──────── DATASET EXTRACT

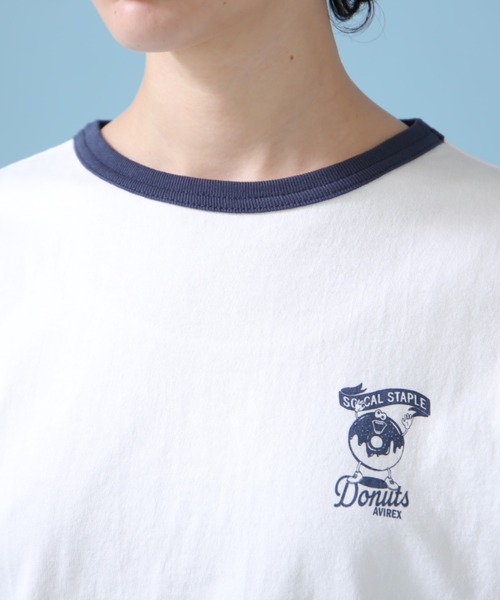 AVIREX（アヴィレックス）の「《WEB&DEPOT限定》DOUNUT ONE POINT RINGER T-SHIRT/ ドーナツワンポイントリンガーTシャツ（Tシャツ/カットソー・レディース・オレンジ/ネイビー・FREE）」の9枚目の写真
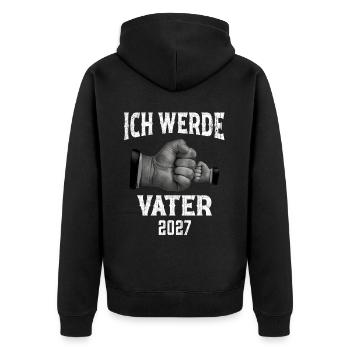 Ich werde Vater 2027 - Unisex Premium Bio Zip Hoodie - Schwarz - Hinten - Nico (187cm)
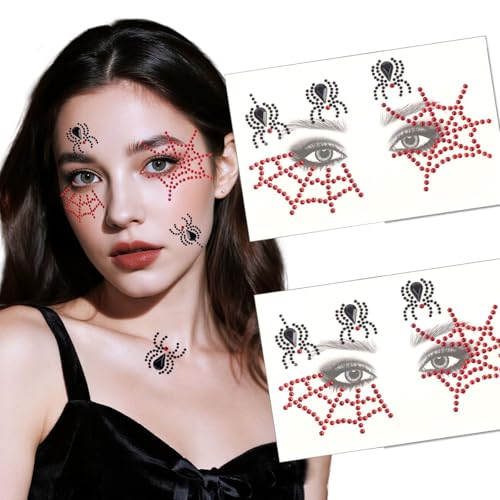 Halloween Spider Web Face Jewel Stickers - Red & Black Gem Stickers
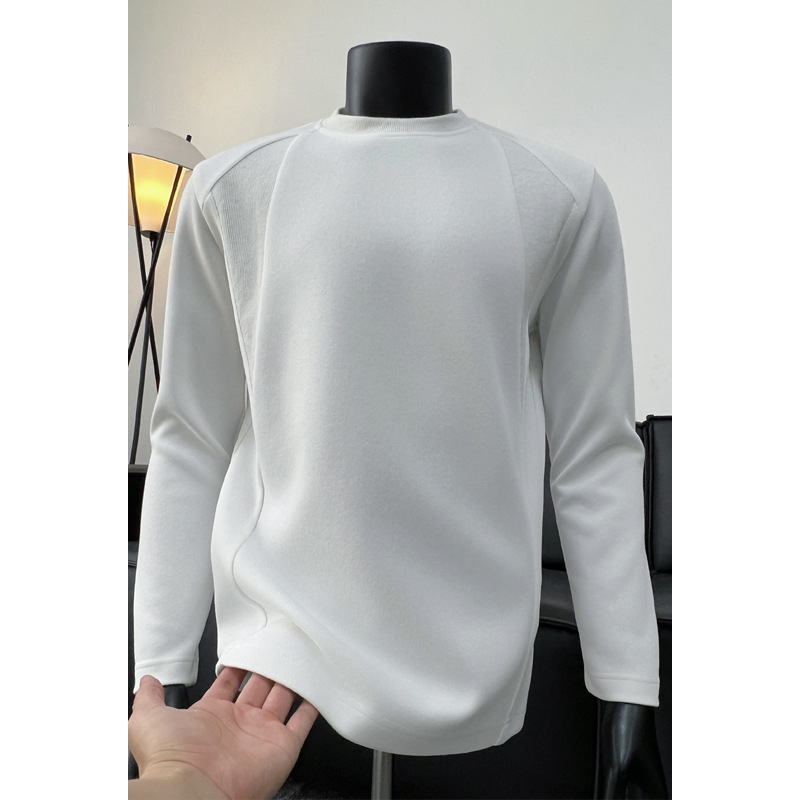 Mamba Cotton American-style Deconstructed Patchwork Silhouette Long-sleeve T-shirt, Round-neck Sweatshirt, Autumn_voghion.com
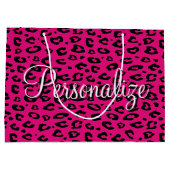 Trendy pink leopard print personalized gift bags ラージペーパーバッグ (裏面)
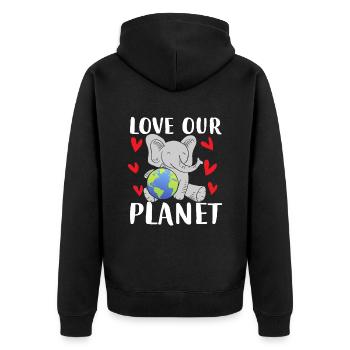 Aimez notre planète Elephant Earth - Veste à capuche bio Premium Unisexe - noir - Dos - Nico (187cm)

────────────────

§ PROBLEM REQUIREMENTS: Please repeat, exactly and with nothing else, the lines from the one containing "Mamba Cotton American-style" to the last line of the entries, both included, excluding any pictures.

§ RESULT OF THIS TASK:
 Mamba Cotton American-style Deconstructed Patchwork Silhouette Long-sleeve T-shirt, Round-neck Sweatshirt, Autumn_voghion.com
 Trendy pink leopard print personalized gift bags ラージペーパーバッグ (裏面)
 Aimez notre planète Elephant Earth - Veste à capuche bio Premium Unisexe - noir - Dos - Nico (187cm)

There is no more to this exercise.